After the first few cold fronts in the fall it starts to get good and keeps gettin better. Like cva said, check you regs cause they just changed last year


----------



## Wading Mark (Apr 21, 2005)

For me in Galveston, wade fishing in the dead of winter has always been best for both size and numbers.


----------



## Timemachine (Nov 25, 2008)

JohnnyWalkerRed said:


> R U serious? LOL! Just kidding.
> After the first few cold fronts in the fall it starts to get good and keeps gettin better. Like cva said, check you regs cause they just changed last year


CVA quoted the reg correctly. 2 ONLY for November...no gigging. The no gigging in November is the stupidest TP&W reg EVER!!!!


----------



## deceiver (Aug 19, 2010)

october


----------



## chickenboy (May 5, 2008)

I start mid September cuz the thump thang is addicting to me. By the 2nd game of the World Series - it's on - like stink on a skunk.


----------



## jdot7749 (Dec 1, 2008)

It wouldn't hurt my feelings if they made flounder a game fish and outlawed gigging altogether but then I don't gig.
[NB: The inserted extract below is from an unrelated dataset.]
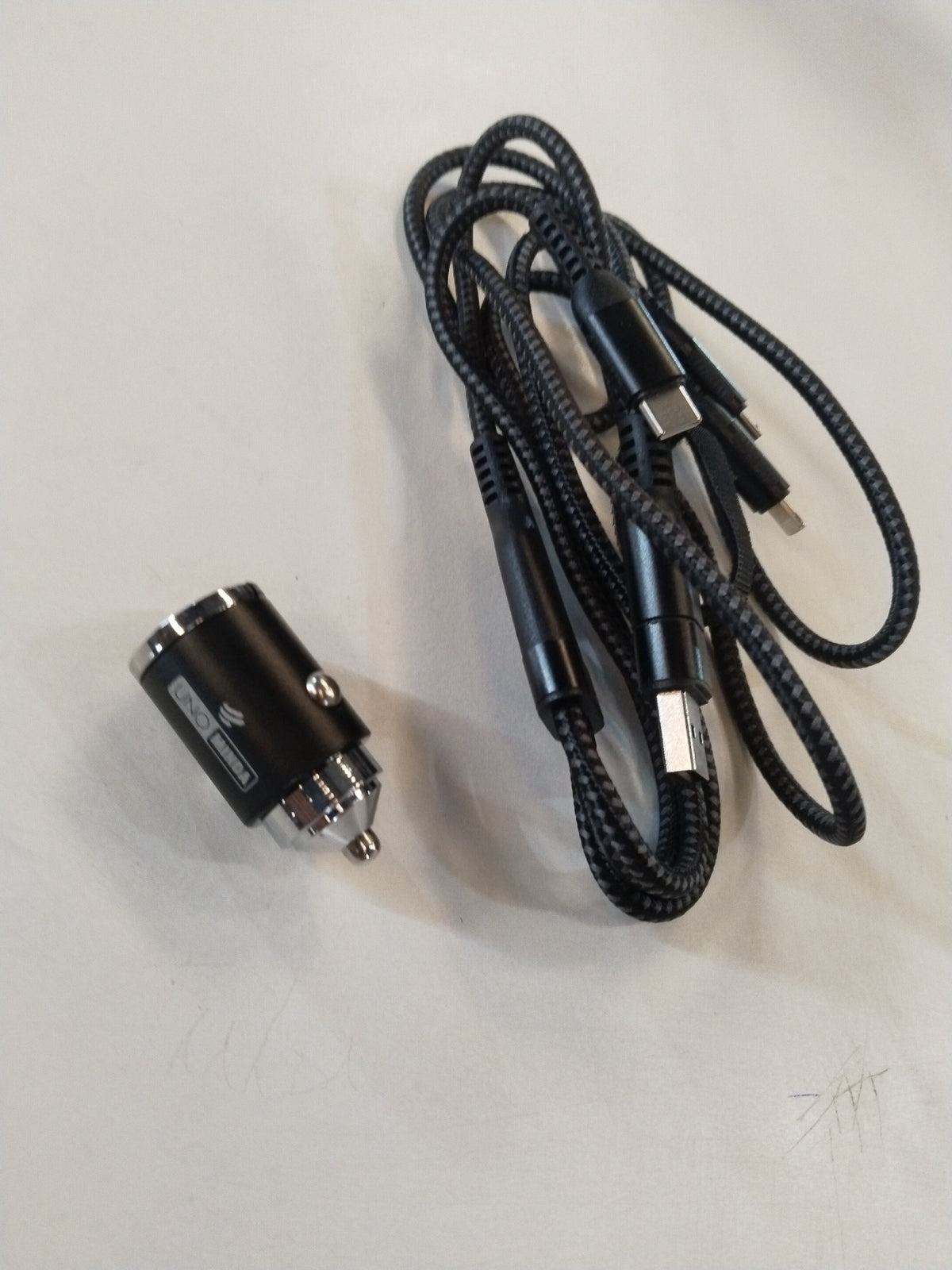 CarTrends 100W fast car charger with 5-in-1 cable and multiple connectors, shown plugged into a vehicle's power outlet.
If you can't give him a fighting chance on a rod and reel or some kind of line it's not much of a sport, just a meat haul.


----------



## moganman (Mar 30, 2006)

Uh Oh! Here come the giggers. My personal preference is in November, and although the limit is 2, its fun to catch and release the big girls.


----------



## cva34 (Dec 22, 2008)

*Reminded Me*



chickenboy said:


> I start mid September cuz the thump thang is addicting to me. By the 2nd game of the World Series - it's on - like stink on a skunk.
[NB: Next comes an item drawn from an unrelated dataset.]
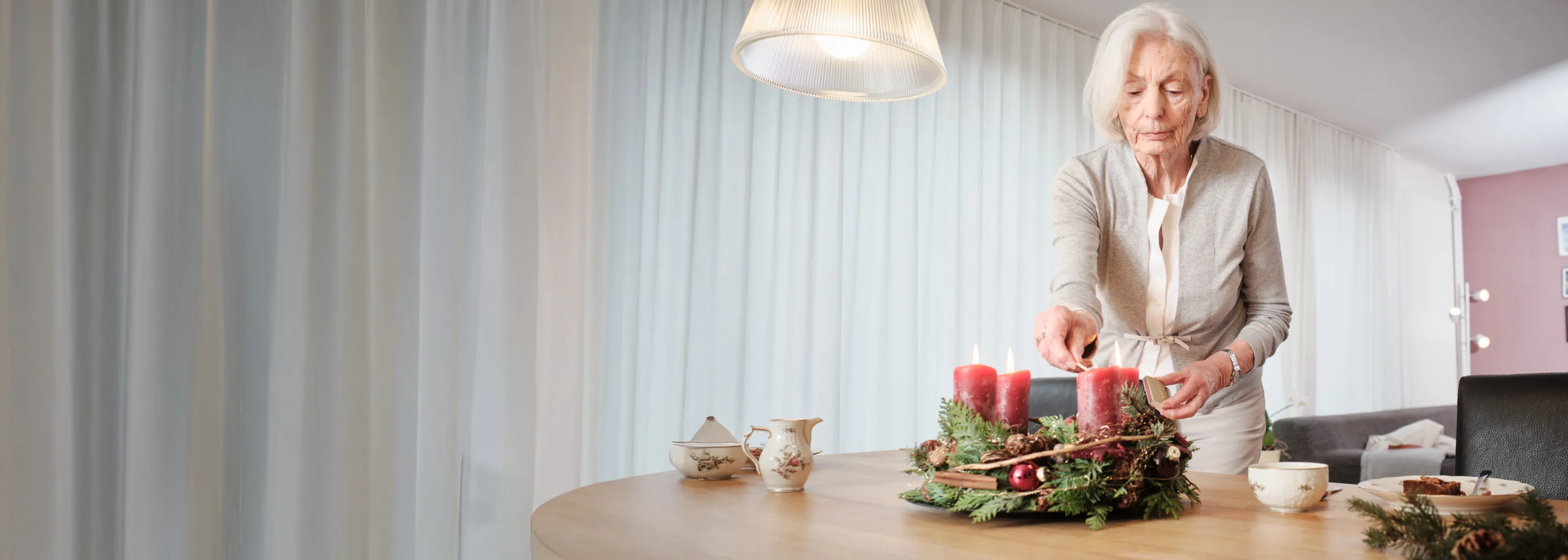 Ältere Dame zündet Kerzen auf Adventskranz an.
 Backin 75-80 era at POC E jetty bay side we used to camp.There was a Big Skunk that would just walk into camp and begg for food like a little Dog.It would eat eat right out of your hand (just had to be sure you were upwind side cause he was'nt FIXED) When you floundered near he would walk along with you at waters edge waiting for you to gig a little fish and pitch to him.You could pet him like a cat(hand woud stink though) He was there several years and we never got sprayed .Then we never saw him again..........CVA34


----------



## nightgigger (Oct 13, 2008)

Flounder are much better concentrated during the fall and spring runs, but hang out at any marsh drain all of the warm months. Any out going tide, is a good time for flounder.
Incoming tides work also, but you have to move the boat to present with the water flow. Chester Moore's book Flounder Fever will tell you just about any thing you want to know about catching flounder.


----------



## RB II (Feb 26, 2009)

From about mid October until the water temp hits 50 or 55 degrees is when the "run" is on.


----------



## aggiemulletboy (May 31, 2006)

Whenever you can go fishing. I can get into them pretty good year round. There are more than a few hanging out in the gut behind the pass right now right along the drop off.


----------



## jdipper1 (Jul 18, 2007)

Like others have said, they concentrate in the fall, but you can catch them year round if you know where to look. remember, flounder are lazy and wait for the bait to come to them. If you find one in the summer, there are generally others around.


----------



## Muddskipper (Dec 29, 2004)

Timemachine said:


> The no gigging in November is the stupidest TP&W reg EVER!!!!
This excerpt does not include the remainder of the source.